Since the records include pictures, leave those out while you reproduce exactly and only the lines from the one containing "Sklenený svietnik ružový S0029" through the one containing "How To Delete All Rows Below In Excel", inclusive.

*** Opening Dataset excerpts ***

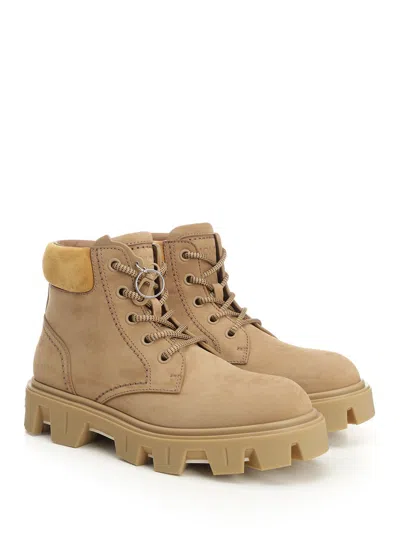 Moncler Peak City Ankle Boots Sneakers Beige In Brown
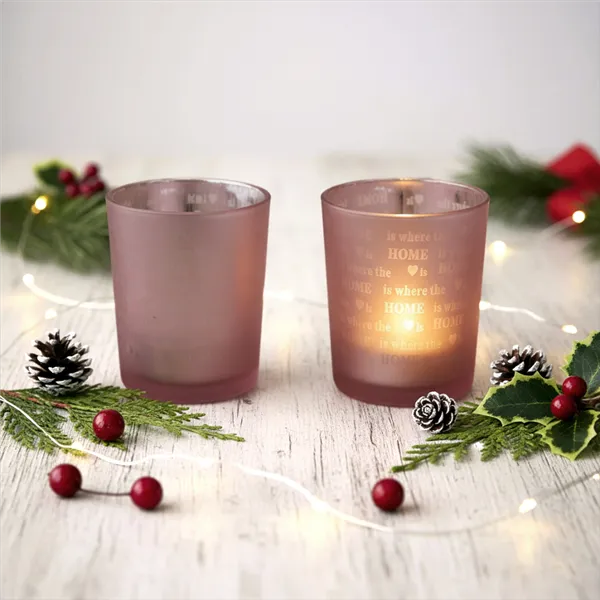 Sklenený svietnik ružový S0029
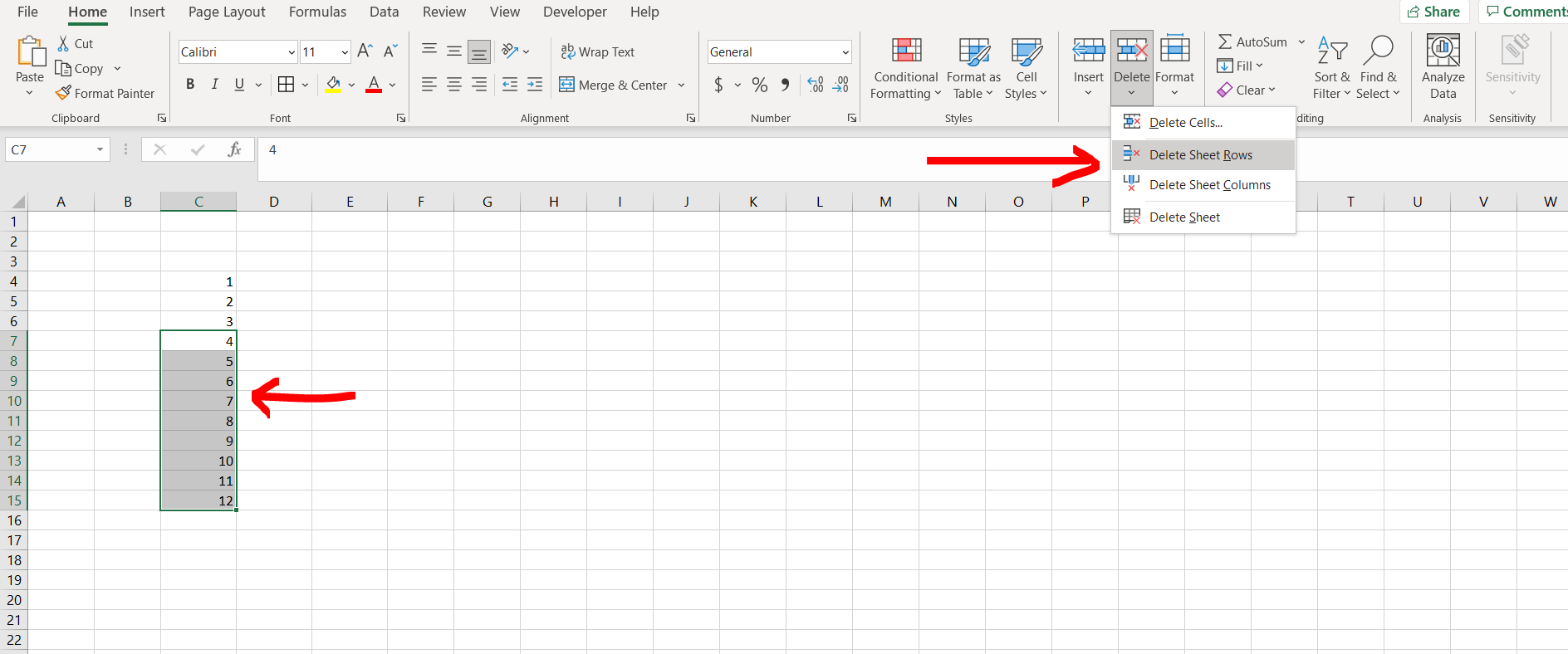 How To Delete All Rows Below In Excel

*** Closing Dataset excerpts ***
*** Opening Dataset excerpts ***

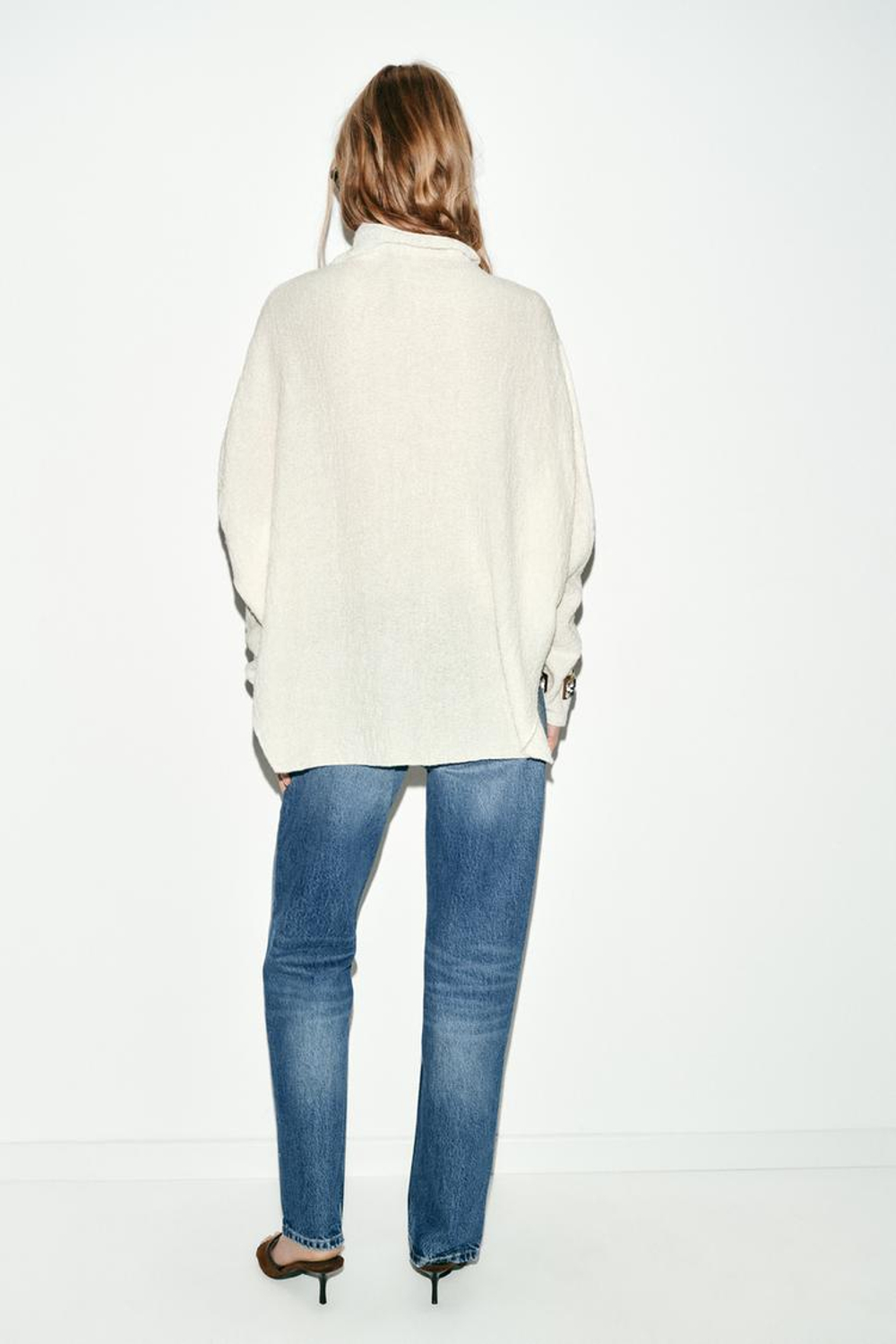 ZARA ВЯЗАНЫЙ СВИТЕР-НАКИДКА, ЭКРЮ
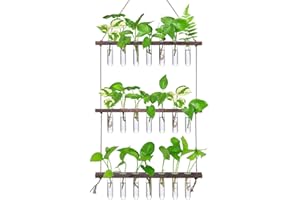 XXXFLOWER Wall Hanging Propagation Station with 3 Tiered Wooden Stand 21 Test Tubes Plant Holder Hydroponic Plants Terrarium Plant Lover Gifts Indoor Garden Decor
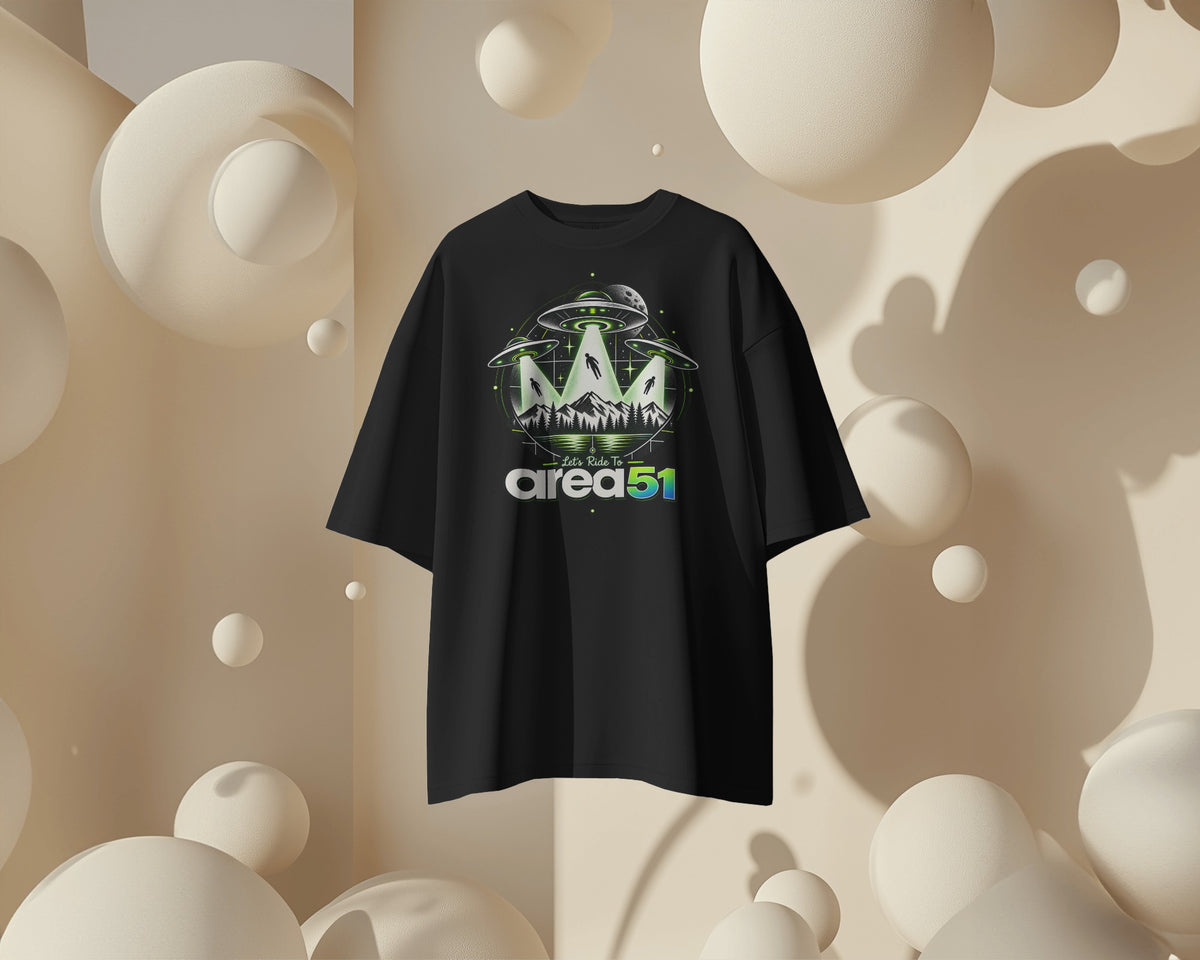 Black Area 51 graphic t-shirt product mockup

*** Closing Dataset excerpts ***
*** Opening Dataset excerpts ***

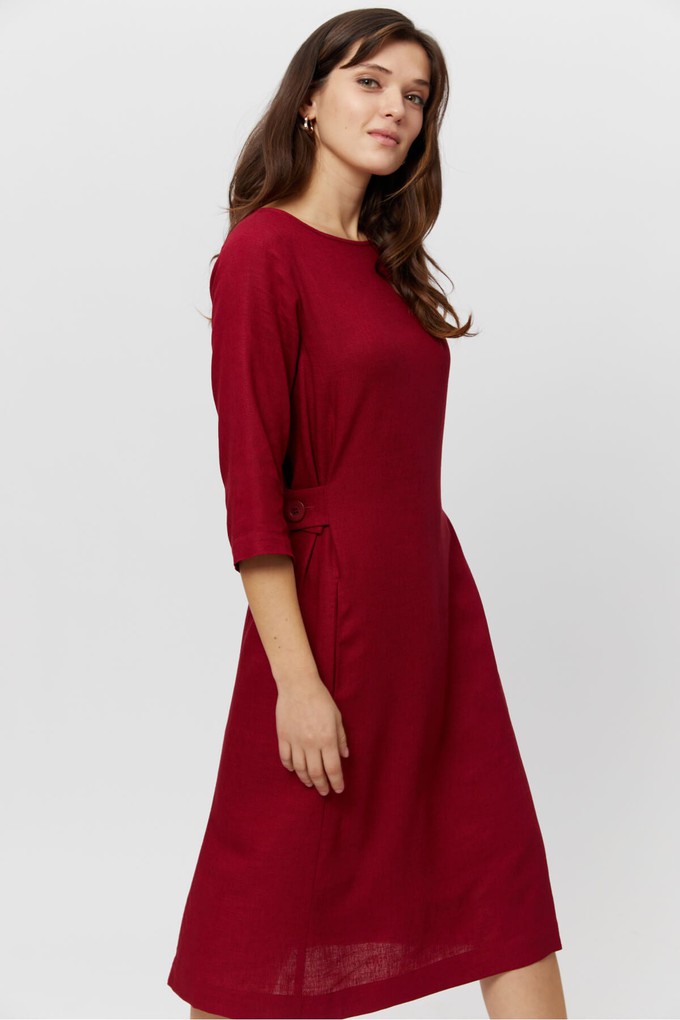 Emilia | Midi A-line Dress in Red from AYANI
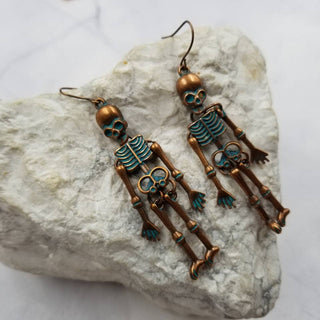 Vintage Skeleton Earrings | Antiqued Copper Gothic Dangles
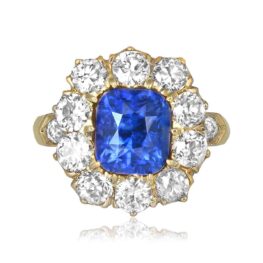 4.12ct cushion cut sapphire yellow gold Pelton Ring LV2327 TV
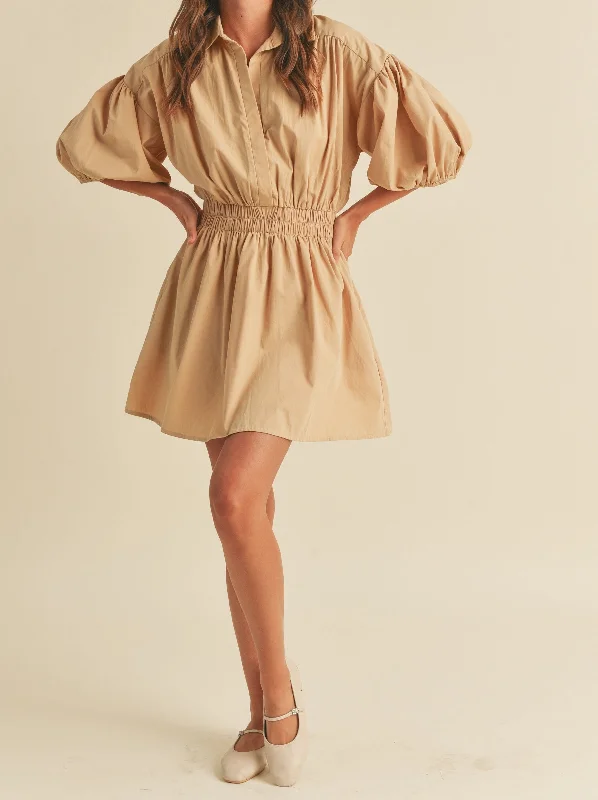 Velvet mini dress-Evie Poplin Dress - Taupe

*** Closing Dataset excerpts ***

■ Answer box ■
 Sklenený svietnik ružový S0029
 How To Delete All Rows Below In Excel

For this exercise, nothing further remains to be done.